The Information Tomorrow anthology that includes my libraries-as-publishers essay has a splash page at last. Plus an ISBN and a price (yikes, really that much?!) and all that good stuff.
I don’t know what the other contributors wrote about (hey, Info Today, how about a TOC?), but I certainly do see names I’m interested in reading. I look forward to receiving a copy.
In other writing news, “Innkeeper at the Roach Motel” is slowly starting to look more like an article (you know, with an actual argument and flow of ideas and such) and less like a disjointed collection of random thoughts. I can tell this because now when I have one of those “oh, that’s something else I really need to write about” moments, I know right away where to put the paragraph stub for it.

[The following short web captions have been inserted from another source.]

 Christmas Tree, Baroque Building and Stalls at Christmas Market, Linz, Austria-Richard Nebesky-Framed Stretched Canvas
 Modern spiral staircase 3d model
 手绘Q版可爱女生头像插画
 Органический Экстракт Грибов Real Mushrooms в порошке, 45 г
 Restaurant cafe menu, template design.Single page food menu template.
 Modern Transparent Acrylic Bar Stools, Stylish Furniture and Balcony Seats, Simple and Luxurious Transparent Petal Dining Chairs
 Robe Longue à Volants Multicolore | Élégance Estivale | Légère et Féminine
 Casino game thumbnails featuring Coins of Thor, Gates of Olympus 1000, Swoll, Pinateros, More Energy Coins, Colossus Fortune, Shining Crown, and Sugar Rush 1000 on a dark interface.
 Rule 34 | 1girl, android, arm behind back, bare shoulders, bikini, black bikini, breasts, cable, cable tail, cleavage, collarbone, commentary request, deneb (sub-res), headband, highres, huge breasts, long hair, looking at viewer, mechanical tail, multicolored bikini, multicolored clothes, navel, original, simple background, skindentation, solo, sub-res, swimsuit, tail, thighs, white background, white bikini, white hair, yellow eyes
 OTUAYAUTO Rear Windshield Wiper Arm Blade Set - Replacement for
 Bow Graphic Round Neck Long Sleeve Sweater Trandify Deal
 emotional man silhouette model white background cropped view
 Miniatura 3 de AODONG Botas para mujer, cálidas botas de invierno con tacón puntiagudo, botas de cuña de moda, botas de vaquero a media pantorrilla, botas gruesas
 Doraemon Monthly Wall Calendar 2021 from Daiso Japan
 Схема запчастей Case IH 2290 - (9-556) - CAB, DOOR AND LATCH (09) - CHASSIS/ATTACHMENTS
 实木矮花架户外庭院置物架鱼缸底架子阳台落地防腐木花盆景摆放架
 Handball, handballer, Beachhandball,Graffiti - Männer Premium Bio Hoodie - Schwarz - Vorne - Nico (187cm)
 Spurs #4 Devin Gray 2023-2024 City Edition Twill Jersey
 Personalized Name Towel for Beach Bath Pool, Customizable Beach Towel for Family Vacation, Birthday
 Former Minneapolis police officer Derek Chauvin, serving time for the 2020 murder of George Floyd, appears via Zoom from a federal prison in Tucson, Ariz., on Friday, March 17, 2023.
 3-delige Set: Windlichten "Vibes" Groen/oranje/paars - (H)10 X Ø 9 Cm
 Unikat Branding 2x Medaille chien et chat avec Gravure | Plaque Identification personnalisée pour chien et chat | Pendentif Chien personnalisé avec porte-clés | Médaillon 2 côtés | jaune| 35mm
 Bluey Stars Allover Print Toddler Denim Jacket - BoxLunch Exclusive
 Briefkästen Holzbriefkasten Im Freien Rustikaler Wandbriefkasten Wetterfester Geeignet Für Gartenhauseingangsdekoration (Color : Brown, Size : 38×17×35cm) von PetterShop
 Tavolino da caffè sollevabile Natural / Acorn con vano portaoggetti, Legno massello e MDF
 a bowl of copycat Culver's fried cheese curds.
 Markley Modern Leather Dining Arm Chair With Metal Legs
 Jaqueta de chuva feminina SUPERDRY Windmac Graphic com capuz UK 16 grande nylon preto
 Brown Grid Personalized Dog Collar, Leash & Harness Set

It’s a hard article to write, I tell you what. Confronting some home truths about the frustrating, dysfunctional on-the-ground reality of running IRs means confronting some home truths about myself and the career choices I’ve made. I am definitely suffering through uncomfortable “oh, great, I’ve found myself another bloody windmill” moments. I’m still convinced, mind you, that open access is not a windmill—it’s viable, it’s necessary, and it will happen under various guises. Institutional repositories… well, the doubts I’ve had all along about ’em are only intensifying as I write.
It’s not all doom and gloom. I see ways forward, several of them. But the first step is cutting through the (peculiarly Statesian, for whatever reason) denial. If nothing else, “Roach Motel” ought to start some unhappy but necessary conversations among academic-library administrators, software developers, OA proponents, et cetera. And then maybe we can remember what progress looks like.